Word, character, phoneme, and viseme-level timestamps. Unity/Unreal SDKs with lipsync templates.
Pricing
TTS-1.5-Max: $10/1M chars. TTS-1.5-Mini: $5/1M chars. Zero-shot cloning: free.
Sovereignty & Compliance
On-premise deployment available. EU + India data residency.

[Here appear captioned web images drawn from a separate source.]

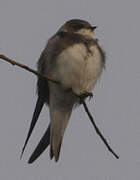 Sand Martin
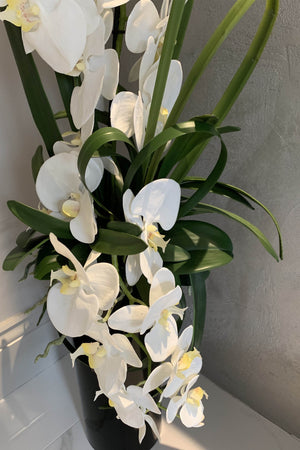 Orchids in a Tall Black Glass Vase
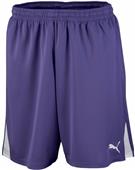 Puma Mens Team Soccer Shorts Puma Mens Team Soccer Shorts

SOC2 Type II, GDPR, HIPAA compliant.
Data residency: US, EU, India
Inworld TTS-1.5 + Realtime API — Strategic Positioning
Beyond technical specs: where does this tool sit in the ecosystem, what are the risks and strategic implications for DigiDouble?

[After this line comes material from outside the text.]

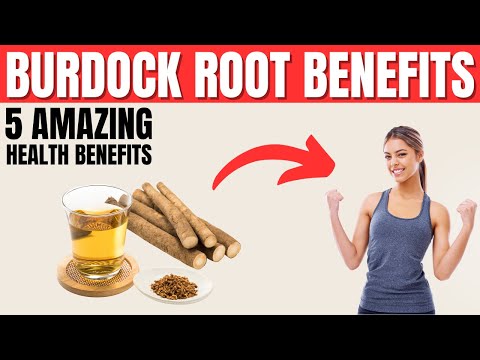 Burdock Root Benefits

Inworld TTS-1.5 is the sovereignty-ready challenger: ELO #1 quality at 75% lower cost than ElevenLabs, with full on-premise deployment and EU data residency already available — not promised for 2026.
A. Strategic Positioning
Target customer: Enterprise / Developer — regulated industries, gaming, real-time agents
ELO #1 quality at 75% lower cost than ElevenLabs, with full on-premise deployment and EU data residency — the sovereignty-ready premium TTS.
B. Competitive Moat
- ELO #1 benchmark quality (independent verification) with zero on-premise latency penalty
- 75% cheaper than ElevenLabs — disrupting the premium TTS pricing model
- Full on-premise + EU/India data residency + zero-retention option — sovereignty trifecta
Vulnerability: Open-source models (Chatterbox, Kokoro) are closing the quality gap, potentially commoditizing the premium TTS segment.
E. Strategic Questions for DigiDouble
Sovereignty fit
Full on-premise deployment with zero latency penalty + EU data residency + zero-retention option. Best sovereignty fit among premium TTS providers.
Build vs. Buy
Strong buy case for both Phase 1 and Phase 2. Best quality-sovereignty-cost combination among cloud TTS providers.
Lock-in risk
Proprietary models create some lock-in, but flexible deployment options and competitive pricing reduce dependency risk.
Roadmap alignment
Excellent alignment: on-premise already available (Phase 2 ready), EU data residency, competitive pricing for scale.
Data Freshness
Artificial Analysis Speech Arena, March 2026. 4 of top 7 models are Inworld models.
Update note: Inworld TTS-1.5 Max ELO 1207 (rank #1, Apr 2026). Mini ELO 1149. Realtime API S2S latency <120ms Mini confirmed. Pricing: $10/1M chars (Max), $5/1M (Mini). On-premise available.